Managed services for example. Staff augmentation. If they don’t have the skills and the people to do the work, they can leverage Trace3 to help them do that.

It can be help with moving CapEx expenditures to OpEx. Instead of buying and doing it yourself, maybe you’re doing that through a managed service that we can provide them help on as they go through this with us.

Michael Haley

Co-founder, Partner

Edge Solutions

Alpharetta, Ga.

I believe Edge Solutions is in a good position for growth in 2023. The technology industry is greater than 10 percent of the global economy and growing at an accelerated rate. There are always opportunities for growth as companies innovate and transform their businesses through technology.

Secondly, we feel very fortunate to be in Atlanta and headquartered in Alpharetta, the technology center of the South. Atlanta is the epicenter of many growth industries including FinTech, Media and Entertainment, Bioscience, Supply Chain Logistics, and the explosively growing sector of Clean Energy. Money magazine recently rated Atlanta as the best place to live in the U.S. Georgia’s business climate has been ranked No. 1 in the nation for the eighth consecutive year by Site Selection, and Area Development.

We we’re founded in 2008, during and economic downturn. Our belief then and now, is there is always opportunity regardless of what’s going on in the overall worldwide economy. So my outlook for 2023 is very optimistic.

Ron Dupler


GreenPages Technology Solutions

Portsmouth, N.H.

When we look at the economy right now, first of all, business is strong.

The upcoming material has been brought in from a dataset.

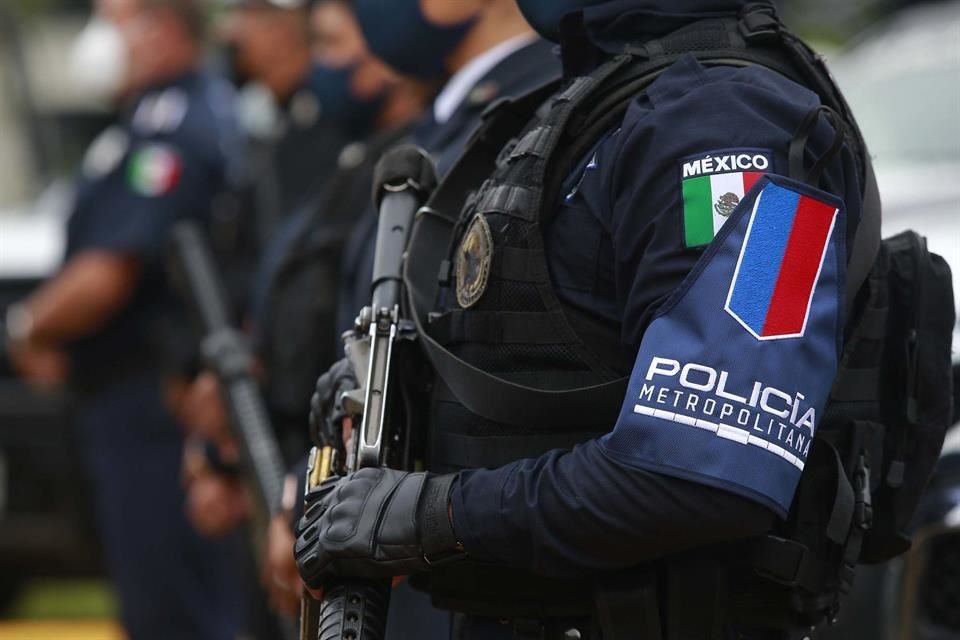 Policía Metropolitana.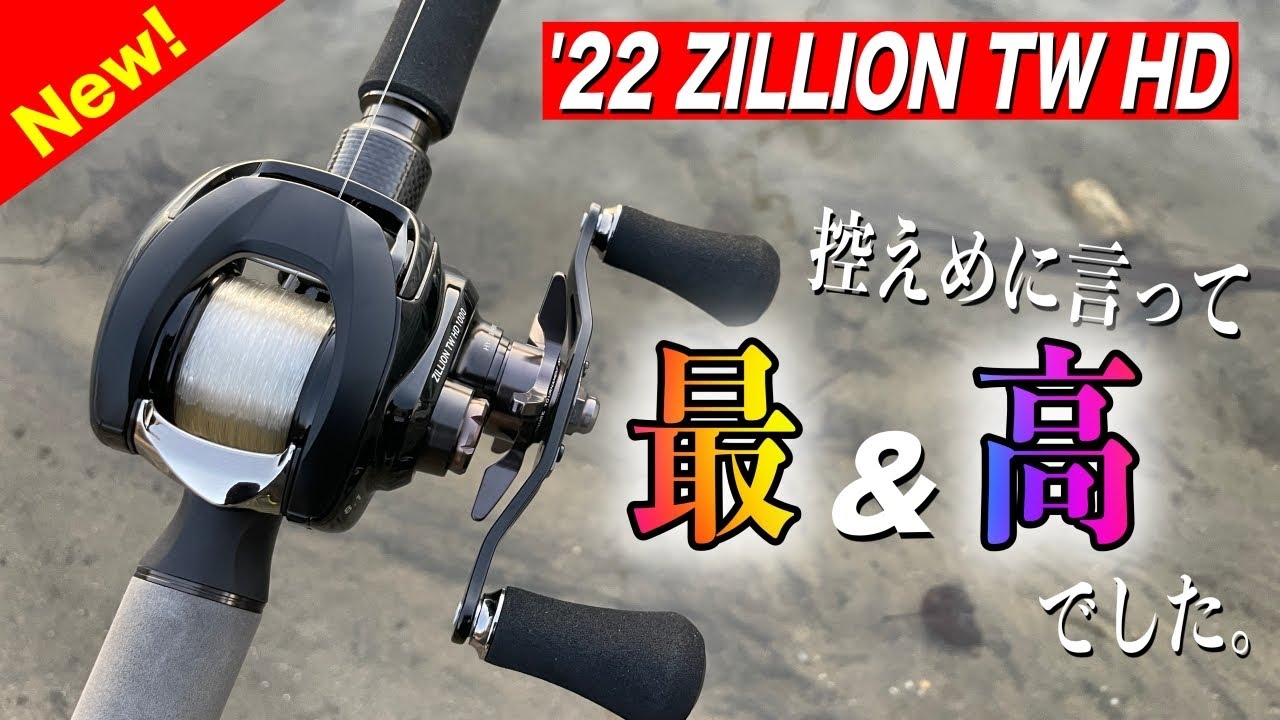 Zillion HD] This is great! A heavy versatile reel with outstanding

That said, me and my team at Greenpages are keeping a very close eye on leading edge indicators. We definitely have concerns.

I think many people are sort of waiting for a (slowdown) and understand we’re probably going to be in a more challenging climate in 2023 and beyond.

Dale Shulmistra

Business Continuity Specialist

Invenio IT

New York

Most of my clients are still spending. We’re still seeing some CapEx.

We haven’t seen a slowdown. And we have clients all across North America, Canada and the US. We still see spending in different regions.

That said, I’m probably more pessimistic, internally in what I sense in 2023. I do foresee some slowdown.

Phil Walker


Network Solutions Provider

Manhattan Beach, Calif.

Organizations will be shifting their budgets and resources in 2023 to more customer experience-driven technology, which will drive innovation and security. That modernizing infrastructure is key to increasing your business agility.

We are actually lowering prices. We see it as a way to capture market share and net new growth.

We moved talent to rural areas where our people cost is lower. … Platforms are allowing us to lower our costs.

A few vendors gave us better deals and margin, giving NSP the ability to provide a higher level of service at a lower cost. Admin jobs have been moving to customer facing roles.